DIRECTIONS FOR THIS TASK: Once you reach the line that holds "Living room with" in the listing below, output it and every line after it through the line that holds "Thigh-up shot of", word for word.

DATASET:
☆ ☆ ☆ ☆

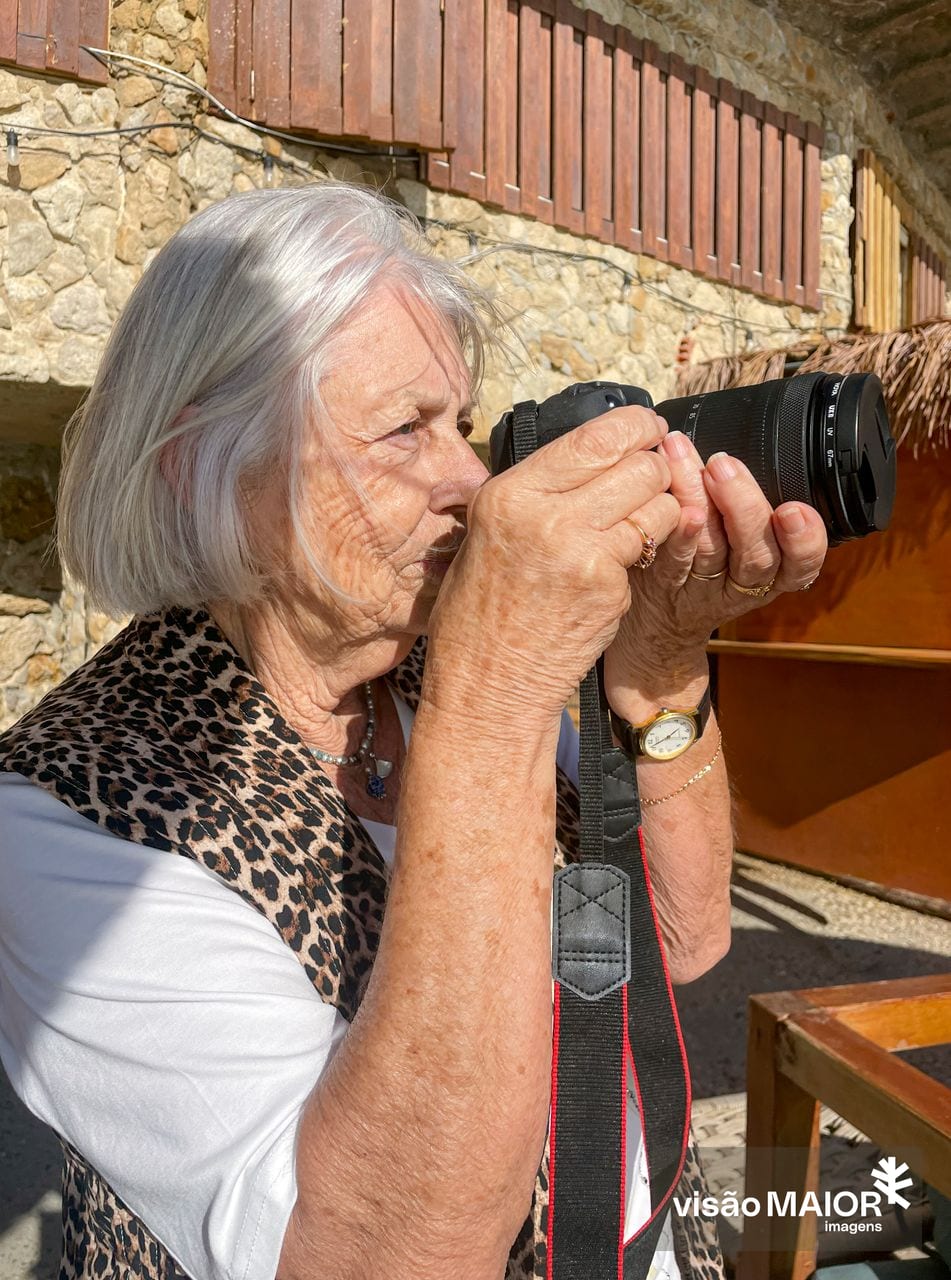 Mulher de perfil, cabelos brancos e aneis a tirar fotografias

☆ ☆ ☆ ☆

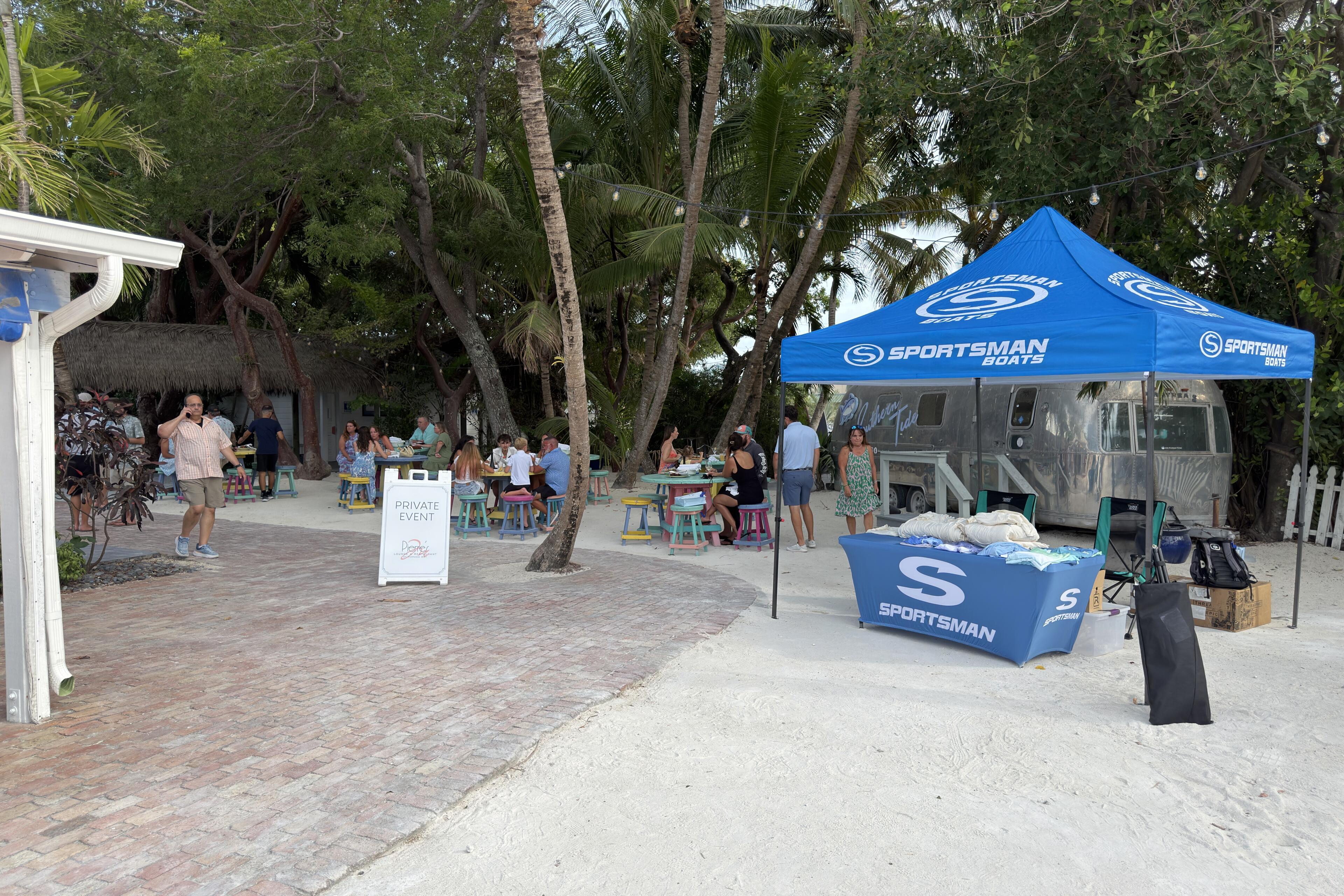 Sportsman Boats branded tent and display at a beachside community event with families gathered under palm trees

☆ ☆ ☆ ☆

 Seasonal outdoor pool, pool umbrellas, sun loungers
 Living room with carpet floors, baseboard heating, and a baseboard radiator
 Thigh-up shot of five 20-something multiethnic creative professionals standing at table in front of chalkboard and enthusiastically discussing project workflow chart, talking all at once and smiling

☆ ☆ ☆ ☆

OUTPUT:
 Living room with carpet floors, baseboard heating, and a baseboard radiator
 Thigh-up shot of five 20-something multiethnic creative professionals standing at table in front of chalkboard and enthusiastically discussing project workflow chart, talking all at once and smiling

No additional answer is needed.